Haria mengaku, butuh waktu dan kesabaran untuk menyampaikan alasan kepada warga mengapa perangkat desa menolak pertambangan dan perkebunan sawit beroperasi di Lawe Cimanok. Awalnya, memang tidak semua masyarakat menerima keputusan tersebut. Namun, setelah dijelaskan secara baik dan benar, masyarakat memahami dan ikut mendukung alasan tersebut.

Misalnya, akibat beroperasinya tambang emas di Kecamatan Manggamat, Lawe Cimanok turut merasakan dampaknya. Sungai Mangamat yang meluap membuat kebunan masyarakat terendam. “Apalagi kalau tambang atau kebun itu dibuka di atas perbukitan Lawe Cimanok, dampaknya akan lebih besar,” tegasnya.

 

Baca juga: Foto: Pesona Alam Mengagumkan Aceh Selatan

 

Kepala Urusan Pembangunan Desa Lawe Cimanok, Kamarul Hasbi mengatakan, untuk urusan perekonomian masyarakat, sebenarnya tidak harus mengandalkan pertambangan atau perkebunan sawit. Desa Lawe Cimanok yang terletak dipinggir hutan Kawasan Ekosistem Leuser, memiliki banyak hasil hutan non-kayu yang bisa dimanfaatkan.
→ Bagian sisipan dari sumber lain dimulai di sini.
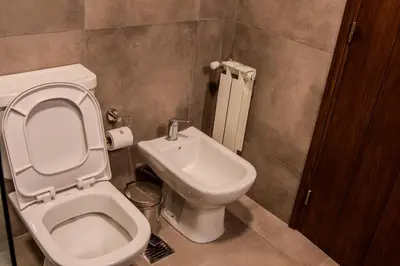 a bathroom with a toilet and a sink at Agua de Tajamar in Alta Gracia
“Misalnya rotan, damar, tumbuhan obat, dan ekowisata. Tinggal bagaimana memaksimalkan hasil hutan ini untuk kesejahteraan bersama,” ujarnya.

 

Aceh Selatan yang wilayahnya berbatasan langsung dengan laut. Foto: Junaidi Hanafiah/Mongabay Indonesia

 

Hasbi menuturkan, saat ini perangkat Desa Lawe Cimanok sedang berpikir bagaimana menanam kembali wilayah hutan yang telanjur dibuka masyarakat agar hijau kembali. Minimal, masyarakat dapat menanam tanaman hutan yang tidak mengganggu sumber air seperti pala dan kemiri.

“Kami tengah mencari cara bagaimana rotan yang dijual masyarakat itu tidak hanya sebagai bahan baku. Tapi, sudah dalam bentuk produk bernilai jual, terutama untuk peralatan rumah tangga. Dengan begitu, pendapatan masyarakat meningkat,” ujarnya.

Fakhrurradhi, perwakilan USAID Lestari di Kabupaten Aceh Selatan, mengatakan dari semua desa di Kabupaten Aceh Selatan, hanya Lawe Cimanok yang telah memasukkan kegiatan lingkungannya dalam Rencana Pembangunan Jangka Menengah (RPJM) Desa. Pembuatan RPJM Desa tersebut difalitasi USAID Lestari.

“Beberapa kegiatan yang terkait lingkungan dalam RPJM Desa Lawe Cimanok adalah penghijauan sumber air beserta penanaman kembali hutan yang telah rusak dengan tanaman hutan seperti jengkol, durian, dan kemiri. Juga, pembuatan aturan desa mengenai sumber-sumber air bersih yang harus dijaga dan kehidupan satwa langka yang mesti dilindungi,” tandasnya.